Dataset: Loksabha 2019 Candidates General Information. (https://www.kaggle.com/datasets/themlphdstudent/lok-sabha-election-candidate-list-2004-to-2019)
# Importing required libraries
library(tidyverse)
## ── Attaching core tidyverse packages ──────────────────────── tidyverse 2.0.0 ──
## ✔ dplyr 1.1.2 ✔ readr 2.1.4
## ✔ forcats 1.0.0 ✔ stringr 1.5.0
## ✔ ggplot2 3.4.3 ✔ tibble 3.2.1
## ✔ lubridate 1.9.2 ✔ tidyr 1.3.0
## ✔ purrr 1.0.2
## ── Conflicts ────────────────────────────────────────── tidyverse_conflicts() ──
## ✖ dplyr::filter() masks stats::filter()
## ✖ dplyr::lag() masks stats::lag()
## ℹ Use the conflicted package (<http://conflicted.r-lib.org/>) to force all conflicts to become errors
library(ggrepel)
data <-read.csv('C:\\Users\\bhush\\Downloads\\Coursework\\I 590 INTRO TO R\\datasets\\data_final\\LokSabha2019_xl.csv')
We know that “Assets - Liabilities = Equity” (More information on: Link)
data_copy <- data
# Calculating the equity for each party's candidates
data_copy_ <- data_copy|>
mutate(equity = data_copy$Total.Assets - data_copy$Liabilities)
# Finding the age deviation for different parties.
data_copy2 <- data_copy|>
group_by(Party,Winner)|>
mutate(Age_deviation = as.integer(Age - mean(Age)))|>
ungroup()|>
select(Candidate,Party,Age,Age_deviation,Winner)
data_copy3 <- data_copy |>
mutate(Equity_amt = data_copy$Total.Assets - data_copy$Liabilities)|>
mutate(real_wealth_rank = rank(desc(Equity_amt)))

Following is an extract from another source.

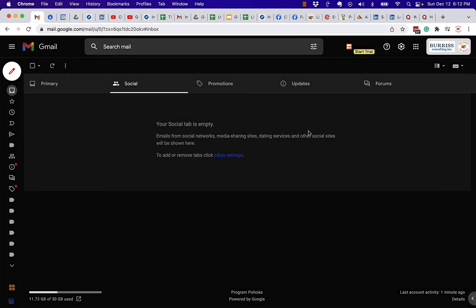Hey, this is Teddy Burris, your Google Workspace and Gmail strategist, trainer, and coach. I got to ask this question: how can I get access to more than one Gmail or Google Workspace account at the same time?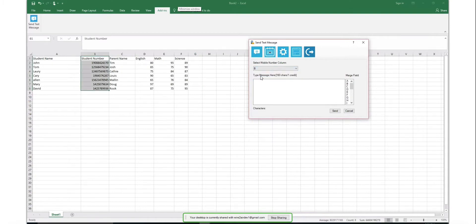In the Type Message Here text box, you can compose your message by adding the required columns in between by selecting Columns from Merge Field Scroll Bar.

data_copy3<- data_copy3 |>
arrange((real_wealth_rank))
data_copy4 <- data_copy |>
group_by(Constituency) |>
summarise(
Male_Count = sum(Gender == 'M'),
Female_Count = sum(Gender == 'F'),
)|>
mutate(Male_to_Female_Ratio = Male_Count / (Female_Count+1))|>
ungroup()
# Plotting Male to Female ratio against Constituency using a jitter plot
data_copy4 |>
ggplot() +
geom_jitter(mapping = aes(x = Male_to_Female_Ratio, y = Constituency)) +
geom_text_repel(
data = filter(data_copy4, Male_to_Female_Ratio > 24),
mapping = aes(x = Male_to_Female_Ratio, y = Constituency, label = Constituency),
color = "Blue"
) +
theme(axis.text.y = element_blank())
outlier<- data_copy4|>
filter(Male_to_Female_Ratio>75)
print(outlier)
## # A tibble: 1 × 4
## Constituency Male_Count Female_Count Male_to_Female_Ratio
## <chr> <int> <int> <dbl>
## 1 Nizamabad 182 1 91
mean_equity_amt <- mean(data_copy3$Equity_amt, na.rm=TRUE)

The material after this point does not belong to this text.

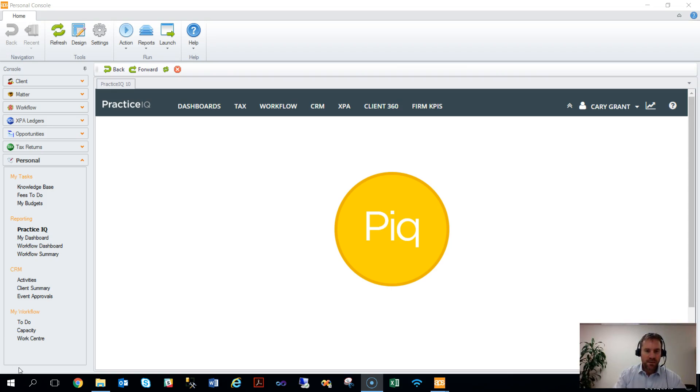One of the most effective ways to deliver insights to individuals is by embedding them through the Practice Management Personal Console.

data_copy3$color_ <- ifelse(data_copy3$Equity_amt > mean_equity_amt, "Above Mean", "Below Mean")
data_copy3|>
filter(Winner==1)|>
ggplot()+
geom_jitter(mapping = aes(x=Equity_amt,y=Gender,color=color_))

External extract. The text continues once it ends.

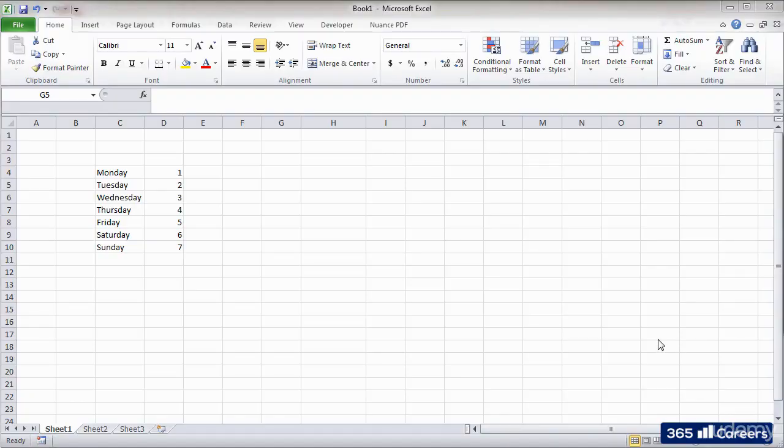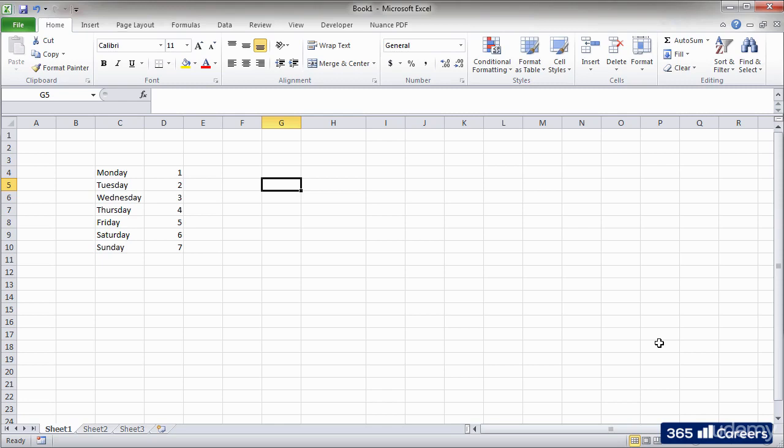We already saw that every Excel spreadsheet is made of multiple rows and columns. Now is the right time to learn some operations that will allow us to modify rows and columns in Excel files.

cor(x = data_copy3$Age, y = data_copy3$Criminal.Cases, use = "complete.obs")
## [1] 0.02234815
cor(x = data_copy3$Criminal.Cases, data_copy3$Winner, use = "complete.obs")
## [1] -0.02815683
cor(x = data_copy3$Age, data_copy3$Total.Assets, use = "complete.obs")
## [1] 0.111774
cor(x = data_copy3$Age, data_copy3$Equity_amt, use = "complete.obs")
## [1] 0.1083645